Vous n'aurez que deux mots. J’ai une foule de petites affaires à régler aujourd’hui, et probablement des visites. Mais je ne veux pas que vous soyez deux jours sans lettre. Je vous écrirai de Paris mardi matin. Quelle différence, si j’allais vous voir en arrivant.
J’ai eu hier une lettre de Louis de Ste Aulaire. Il aimait beaucoup son père. C’était une famille très unie. Il me dit que sa mère est bien. Elle restera le centre. Elle a très bien élevé les filles qui sont très tendres pour elle.
Nos journaux ne sont pleins que des préparatifs de la nouvelle armée qu’on envoie en Crimée. Le Moniteur de l’armée donne des détails d'état-major et de matériel, qui prouvent qu’il s’agit bien en effet de 40 ou 10 000 hommes. Si Sébastopol n’est pas pris bientôt l’hiver n’interrompra, ni la guerre, ni le siège.

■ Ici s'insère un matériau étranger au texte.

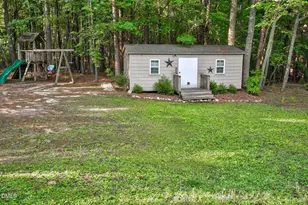 4115 Geneva Dr, Franklinton, NC 27525 - Photo 29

Je ne vois pas que Lord Palmerston soit encore à Paris. Cette visite traine beaucoup uniquement à cause de sa santé, je suppose. Adieu jusqu'au facteur.
Midi
Voilà le N°164 qui me convient fort. J’aurai de vos nouvelles après demain à Paris. Mais vraiment, quand on crache le sang pendant huit jours, il faut voir son médecin, n'importe où et comment. Adieu, Adieu. G.